It wasn’t good. Critique readers, fellow authors doing beta reads really, had a lot of negatives to say. I learned, and then wrote my first released novel.I plan on going back to that sci-fi novel one day.

2.- What made you decide to choose self-publishing?

Lots of reasons. 

In general, I have an aversion to authority. I’m distrustful of people who claim to know what’s best and what you should do based on a position they hold, rather than a skill or perspective they have. 

I think this aversion comes from my interactions with really terrible teachers in high-school. So I have always had a bit of a counterculture streak. I still listen to punk.

And so, to me, publishers are just gatekeepers. Due to a position they hold, and not necessarily any magical knowledge, they pass judgment on authors and their stories. I just can’t be cool with that. Their goal is to find things that sell, not good things. 
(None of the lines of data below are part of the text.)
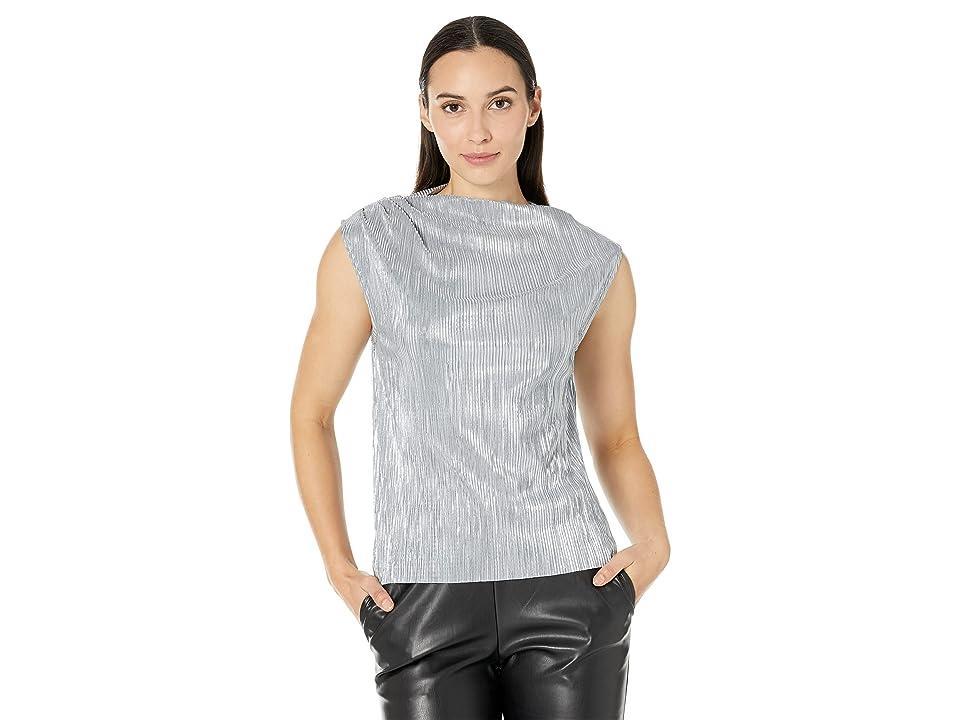 Calvin Klein Womens Metallic Pleated Sleeveless Top Product Image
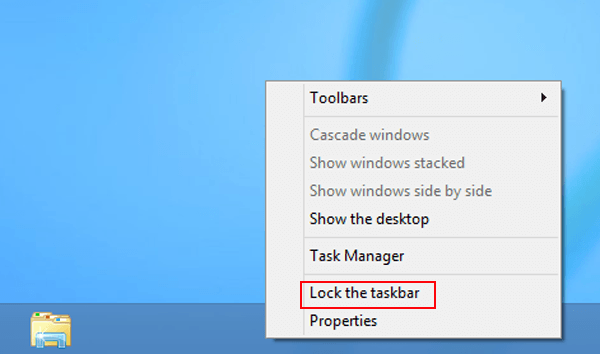 choose Lock the taskbar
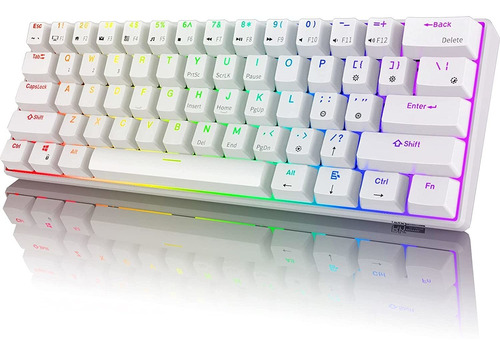 Teclado Mecanico 60% Rk Royal Kludge Rk61 Rgb Blanco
I think the Internet, one of the great things about it, is that it allowed so many things to circumvent the gatekeepers.

Anyway, self-publishing made sense because I retain all control. I’m not paying massive royalties to someone who let me pass under their guarded arches. I have no illusions that I’ll be a monetary success, but I’d be damned if I have to pay some guy 70% of my earnings because he gave my book his personal approval. 

And you know, you can spend countless hours querying agents and submitting your novel, etc. Or you can use that time self-publishing your own novel. I’m far more interested in using my time directly to benefit myself than to try and gain the attention of an aloof, all-knowing publisher’s agent. 

3.- Congrats on getting to the semifinals of SFPBO 8 with You Can’t Prevent Prophecy. Did you expect this success?

No. Not by a long shot. I’d had good reviews prior, but it was still a big confirmation that I was writing well. Up until then, I wasn’t really sure. I thought maybe… I’m writing stuff that a few people like? 

4.- Let’s talk more about the Three Kingdoms. How would you introduce them to any reader?

It’s my old D&D campaign world. It’s served as a backdrop to lots of adventures. There isn’t really anything special there, just that it’s mine. I have an online private wiki where I’ve developed NPCs and town stats etc over the years, so in terms of world-building, writing stories in it is easy.

I’m a very big believer that the world is second to the book. So I haven’t ever tried to make The Three Kingdoms uniquely interesting. It’s a very generic, D&D 3.5e (the best edition) inspired fantasy world. But it suits the sort of stories I’m telling very well, and it’s pre-made in some ways so I can write fast. 

5.- In Old Wizards Home, magic has different sources, could you develop it a little bit more?

I could. But it’s magic!

I don’t like hard magic systems so much. Magic should retain a bit of a mystery. So in Old Wizards Home, there are Sorcerers with innate magical abilities, and Wizards with learned magical abilities. But magic can also be bestowed by the gods, and everyone has a very small amount of magical capability that can be diverted and collected to «awaken» magic in just about everyone (awakened like how a god would bestow magic).

There’s even a psion. 

In The Unicorn Heist, I have a Druid with magic provided by nature itself too. Nature is a bit like a god. 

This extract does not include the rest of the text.